The analysis of the QTL mapping population showed that there is a tight correlation between branch number and branching plasticity, and that plants with relatively low plasticity tend to have a moderate number of branches on low N and high N while plants with high plasticity tend to have high branch numbers on high N and low numbers on low N. The correlation between flowering time and plasticity on overall data was found to be low, but especially in the early flowering lines there is a tight positive correlation between these traits, suggesting that there is a gradient from lines that flower very early and branch regardless of the N status to lines that flower later and branch depending on the N availability.
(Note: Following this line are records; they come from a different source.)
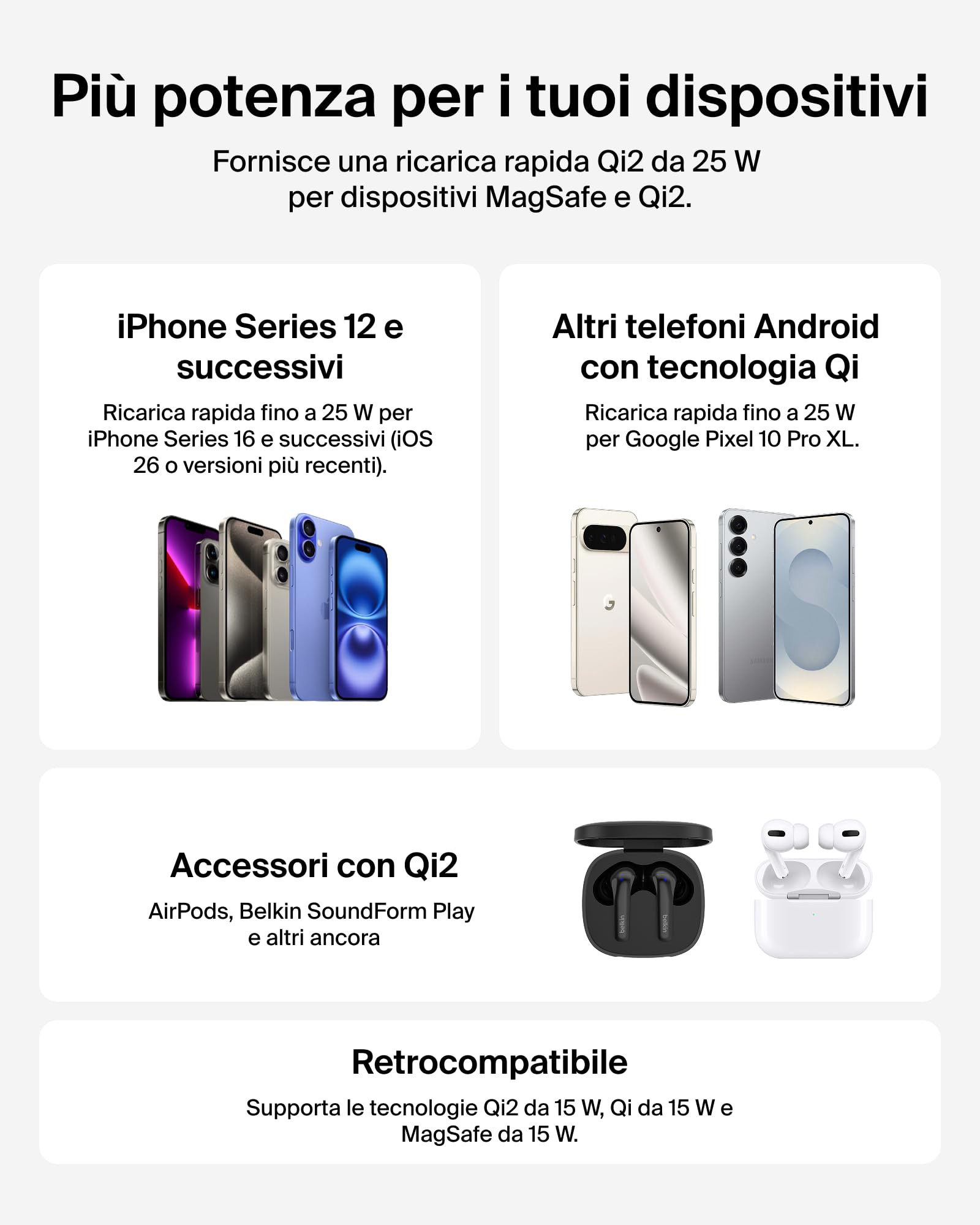 Belkin UltraCharge Chargeur Magnétique Qi2 25 W, Chargeur Sans Fil Rapide, MagSafe Avec Technologie De Refroidissement Passive, Support Pour L'iPhone 17 (Tous Modèles), Pixelsnap, AirPods Pro - Noir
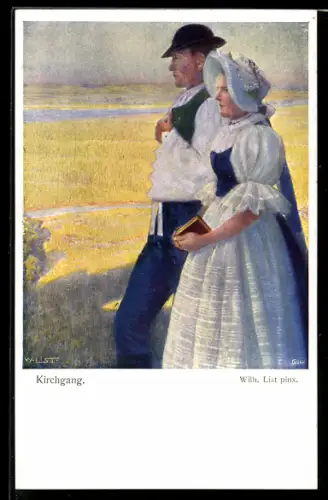 Künstler-AK sign. W. List: Kirchgang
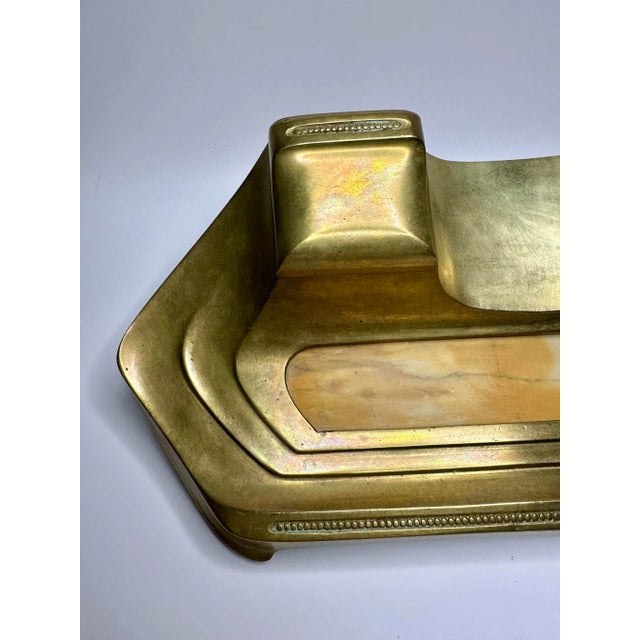 Vintage Art Deco Orange Marble and Brass Desk Set For Sale - Image 4 of 12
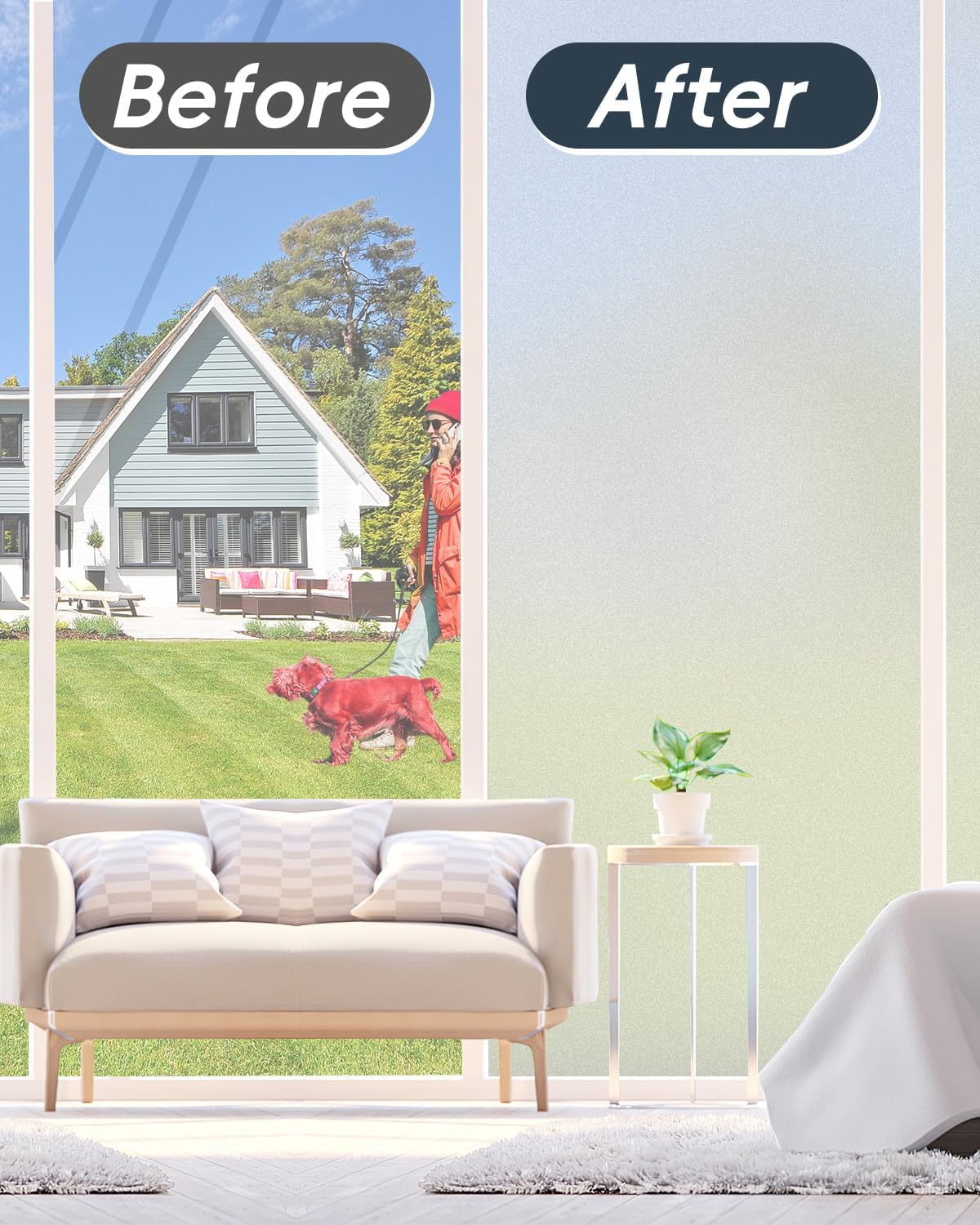 Frosted Glass Window Privacy Film Decorative with Tools, 2 Way Frosting Privacy Film for Glass Windows, Static Cling Tint for Home Anti-UV, Covering Clings 17.5" by 157.4"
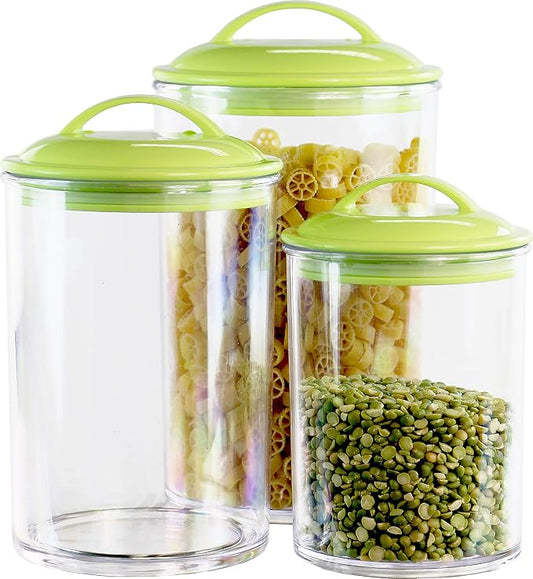 Food Storage Containers, BPA Free Airtight Canisters for Cereal, Pasta, Sugar, Coffee, Flour, Cookies, Loose Tea, for Kitchen Organization, Set of 3 by Reston Lloyd, Lime by RestonLloyd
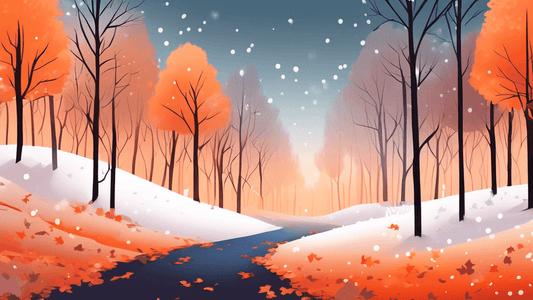 An enchanting forest transitioning from autumn to winter, with half-covered snowy paths, trees displaying a gradient of leaves changing from vivid orange to frosty white, under a serene twilight sky.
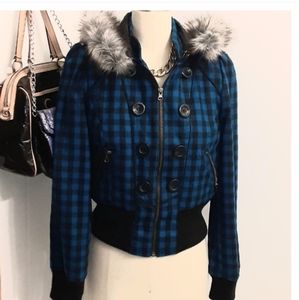 Forever 21 Blue Bomber Jacket w/Hood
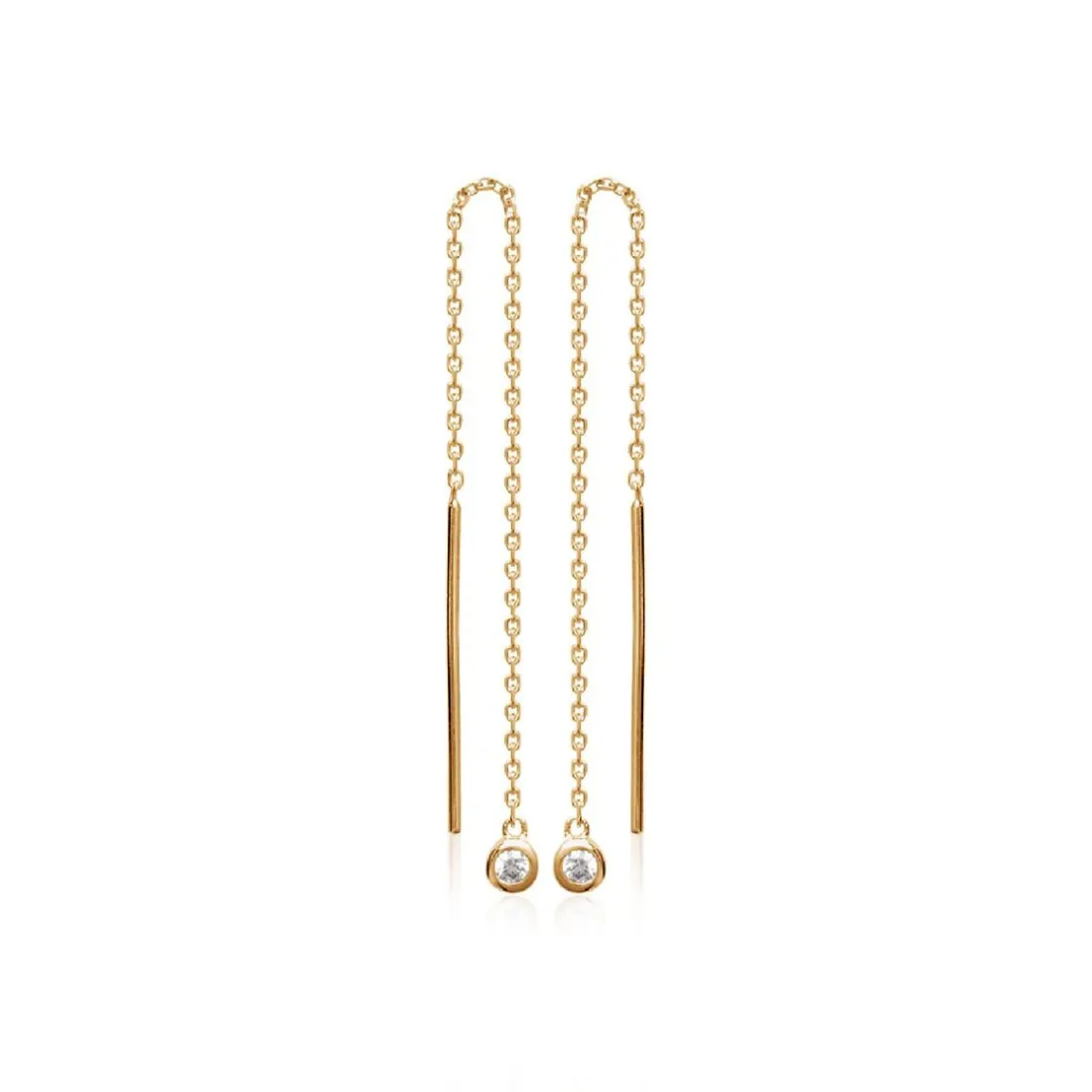 Boucles d'oreilles pendantes plaqué or oxyde de zirconium Maison de la Bijouterie Y53WYZ0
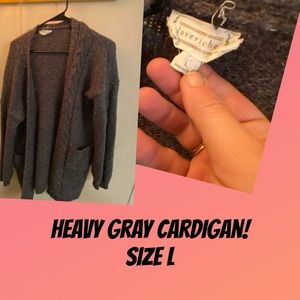 Loveriches gray heavy cardigan! Size L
The MAGIC lines provide information about the phenotype space that can potentially be occupied given the existing allelic diversity, but analysis of natural accessions provides more information on the parameter space that is actually occupied. Most of the correlations that were found between traits of the MAGIC lines were also observed between traits of the unvernalised natural accessions, except for the correlation between number of branches formed on low N and plasticity. In the natural accessions almost all lines adopted a low branching phenotype on low N suggesting that natural selection possibly favoured a conservative use of resources to ensure the production of a limited number of well-supplied seed, rather than risk resources on branches for which insufficient nutrients may be available later at the time of seed filling. More detailed phenotypic analysis of selected genotypes showed that there is a positive correlation between branch number, branching plasticity and seed yield. These correlations demonstrate the agronomic importance of studying plasticity.

Shoot branching plasticity is a complex trait, and it is this complexity that makes it difficult to map. Although no candidate genes have been identified, the work described in this report greatly contributed to our understanding of this trait, which will help to unravel the molecular mechanisms that control shoot branching plasticity.